I Les Poissons Rouges sono una band interessante che a contrario del nome che hanno scelto (potrebbe risultare ostico alla pronuncia, ma poi in realtà è ancora peggio…), regalano all’ascoltatore solo sette brani ma di quelli che allontanano velocemente qualsiasi dubbio sulle loro qualità. Nashvegas è uno disco valido, non è nemmeno recente, fine 2006, io l’ho scoperto solo per caso lo scorso marzo allo showcase della PaloDuro Records. Nashvegas è figlio di quella che può essere una semplice discussione nel cuore della notte sull’amore musicale che si condivide intorno a gruppi come The Band (anche lì può nascere lo scheletro di una band), ed arrivano esattamente da New Orleans o da quello che resta dopo il passaggio dell’uragano Katrina.
Infatti i due songwriter e amici d’infanzia Adam Campagna e Jon Harris, in quel periodo terribile si son dovuti trasferire in una fattoria nei pressi di Auburn, in Alabama e caso del destino è proprio in conseguenze a tutto ciò che hanno iniziato a scrivere canzoni. È stato il punto di inizio della loro storia, lo scrivere da una parte ha distolto dai loro pensieri le recenti sfortune ma dall’altra ha significato un punto di svolta per la loro carriera musicale. Sono arrivati il bassista Jason Deblanc e il batterista Jay Knorr, nativi di Auburn e tutti insieme sono ritornati in quel di Nashville con il desiderio di contribuire alla rinascita della scena musicale locale e a registrare questo disco intitolato Nashvegas, un album colmo di esperienze personali, tra amore, rabbia e speranza.
La musica di Nashvegas possiede le armi giuste per catturare l’attenzione, canzoni come la title-track e Road Where I Was Born, sono dei quadretti di americana e rock da autentici e rodati songwriter, con Neal Young che si palesa qua e là al piano o tra gli acuti chitarristici. Lo stesso piano, qui nervoso e ammaliante, che accompagna anche Oh Alabama che viaggia a braccetto tra rock e southern con echi anni ’70, che proseguono nella piacevole Just Another Love Song per concludere il trittico con una Long Since Dead davvero deliziosa.
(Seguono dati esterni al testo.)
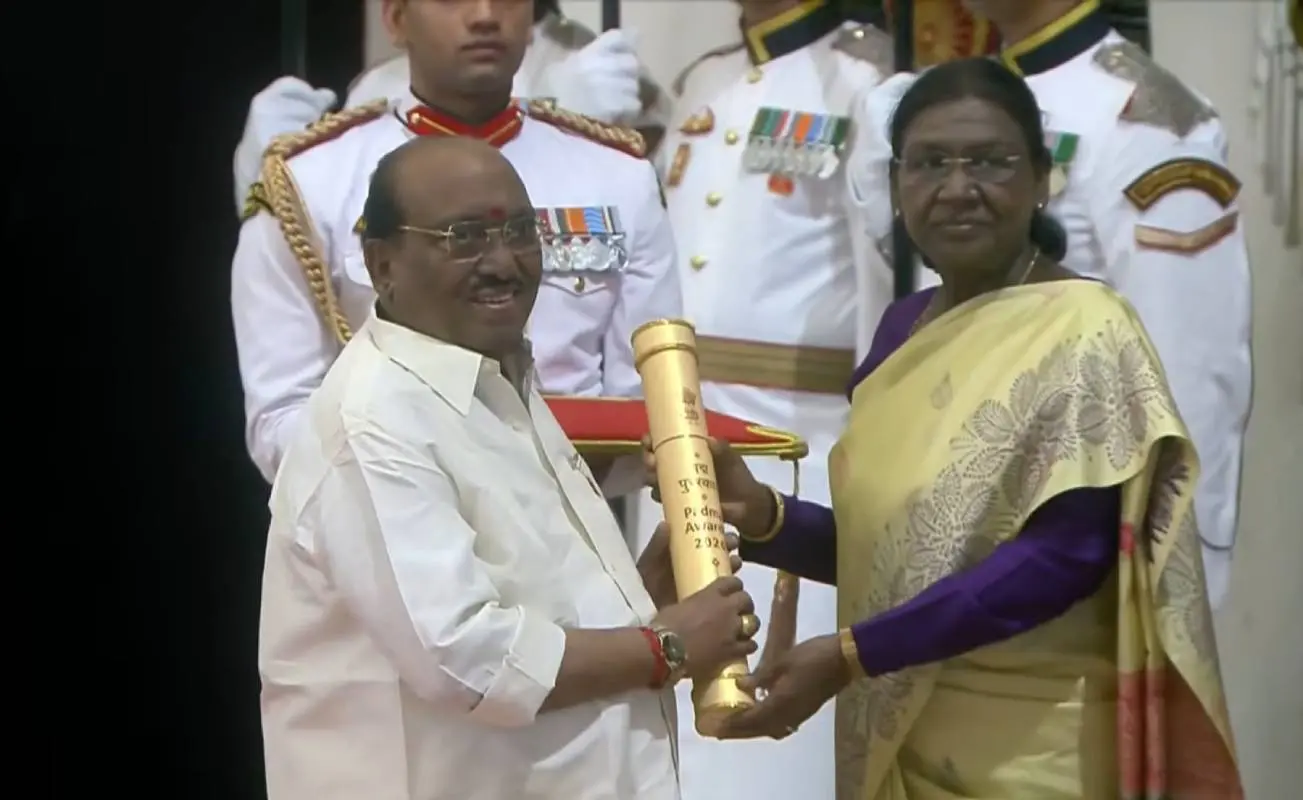 വെള്ളാപ്പള്ളി നടേശൻ ദ്രൗപതി മുര്മുവില്നിന്ന് പദ്മഭൂഷണ് ഏറ്റുവാങ്ങുന്നു | Photo: Screen grab/ YouTube: President of India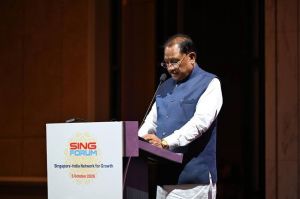   43,600 करोड़ की प्रत्यक्ष विदेशी निवेश प्रतिबद्धताएं, कौशल विकास समझौता और वैश्विक साझेदारियां : छत्तीसगढ़ के लिए उपलब्धियों से भरा रहा सिंगापुर दौरा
Se non è abbastanza chiaro dove iniziano e finiscono le Vegas del titolo, la limpidezza degli spiriti stoniani e della the band sono ben evidenti, ma il suono di questi ragazzi suona fresco. La malinconia che traspare dalla vibrante e splendida rock-ballad Call Me, Baby e il candore della conclusiva Don’t Let Me Down, fanno sì che lì impressione che regala Nashvegas è quella di un disco brillante, che potrebbe testimoniare qualcosa di speciale nel prossimo futuro.